Action en inefficacité ex art. 44 de la Loi sur la faillite et médiation obligatoire : les précisions de la Cour de cassation avec l'ordonnance n° 29432 de 2025

Dans le panorama du droit de la faillite et des procédures collectives, le rapport entre la protection des créanciers et les mécanismes de résolution alternative des litiges (ADR) représente un terrain de confrontation jurisprudentielle constante. L'une des questions les plus débattues concerne l'applicabilité de la médiation obligatoire, prévue par l'article 5 du Décret législatif n° 28 de 2010, aux actions typiques exercées par les organes de la procédure collective. Avec l'ordonnance n° 29432 du 06 novembre 2025, la première chambre civile de la Cour de cassation a abordé ce thème avec une extrême clarté, en délimitant les contours applicatifs de la médiation en relation avec l'action en inefficacité régie par l'article 44 de la Loi sur la faillite.

L'affaire et l'objet du litige

L'affaire trouve son origine dans le recours formé par M., assisté par l'avocat E. S., contre F., représenté par l'avocat V. M., suite à la décision de la Cour d'appel de Rome du 18 août 2023. Au cœur du débat se trouvait la demande de déclaration d'inefficacité, au sens de l'art. 44 précité de la loi sur la faillite, des actes de disposition patrimoniale accomplis par le débiteur postérieurement à la déclaration de faillite. La partie adverse soulevait l'irrecevabilité de la demande en raison du défaut de mise en œuvre de la procédure de médiation obligatoire, soutenant que la matière relevait de celles liées aux droits réels.

La maxime de la Cour suprême

La proposition de l'action visant à faire déclarer l'inefficacité, au sens de l'art. 44 de la loi sur la faillite, des actes de disposition accomplis par le failli après la déclaration de faillite, n'entre pas dans les litiges soumis à la condition de recevabilité de la demande consistant en la réalisation préalable de la procédure de médiation ex art. 5, d.lgs. n° 28 de 2010, ne portant pas sur la qualification et l'attribution de droits réels et ayant, au contraire, une nature personnelle, étant finalisée à poursuivre le seul effet de rendre inopposable, à l'égard des créanciers, l'acte de disposition à contenu patrimonial mis en œuvre par le débiteur.

La maxime ci-dessus met en évidence le pivot logico-juridique de la décision de la Cour suprême.
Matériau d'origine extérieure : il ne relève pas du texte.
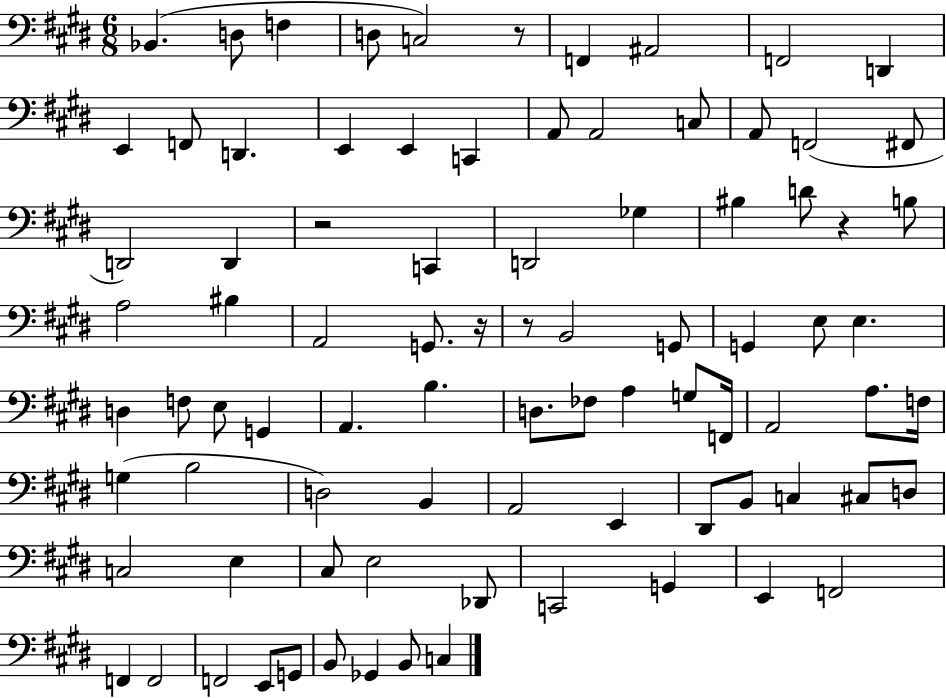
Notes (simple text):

Bb2/q. D3/e F3/q D3/e C3/h R/e F2/q A#2/h F2/h D2/q E2/q F2/e D2/q. E2/q E2/q C2/q A2/e A2/h C3/e A2/e F2/h F#2/e D2/h D2/q R/h C2/q D2/h Gb3/q BIS3/q D4/e R/q B3/e A3/h BIS3/q A2/h G2/e. R/s R/e B2/h G2/e G2/q E3/e E3/q. D3/q F3/e E3/e G2/q A2/q. B3/q. D3/e. FES3/e A3/q G3/e F2/s A2/h A3/e. F3/s G3/q B3/h D3/h B2/q A2/h E2/q D#2/e B2/e C3/q C#3/e D3/e C3/h E3/q C#3/e E3/h Db2/e C2/h G2/q E2/q F2/h F2/q F2/h F2/h E2/e G2/e B2/e Gb2/q B2/e C3/q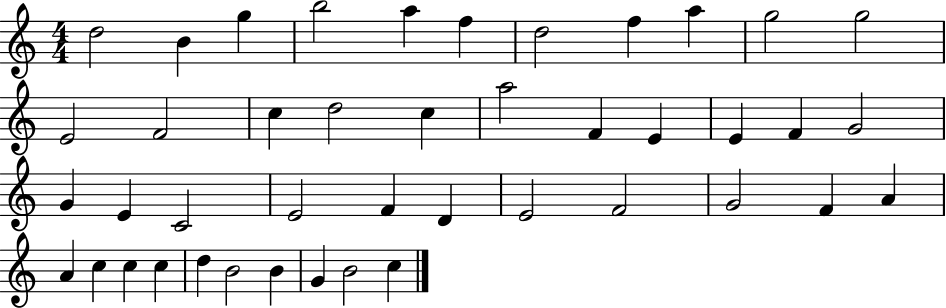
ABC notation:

X:1
T:Untitled
M:4/4
L:1/4
K:C
d2 B g b2 a f d2 f a g2 g2 E2 F2 c d2 c a2 F E E F G2 G E C2 E2 F D E2 F2 G2 F A A c c c d B2 B G B2 c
Les juges de légitimité ont rejeté la thèse de la nécessité de la médiation préventive, en opérant une distinction nette entre les actions qui affectent directement la titularité et la consistance des droits réels et celles qui, au contraire, ont une nature purement personnelle et instrumentale à la protection de la masse des créanciers.

Pourquoi l'action ex art. 44 de la loi sur la faillite exclut la médiation obligatoire

Pour comprendre pleinement la portée de cette décision, il est utile d'analyser les raisons techniques qui excluent l'obligation de médiation dans ce domaine spécifique :

  • Nature personnelle de l'action : L'action ex art. 44 de la loi sur la faillite ne vise pas à redéfinir la propriété ou d'autres droits réels de jouissance sur le bien, mais poursuit l'objectif de rendre l'acte de disposition « inopposable » (c'est-à-dire inefficace) uniquement à l'égard des créanciers de la procédure collective.
  • Caractère limitatif des matières : L'art. 5 du d.lgs. n° 28/2010 énumère de manière limitative les matières soumises à la médiation obligatoire (parmi lesquelles les droits réels). Les normes qui limitent l'accès à la juridiction, en imposant des conditions de recevabilité, sont d'interprétation stricte et ne peuvent être étendues par analogie.
  • Célérité de la procédure collective : Exiger la médiation pour des actions purement récupératoires ou en inefficacité ralentirait inutilement le désintéressement des créanciers, en contradiction avec les principes d'efficacité de la procédure de faillite.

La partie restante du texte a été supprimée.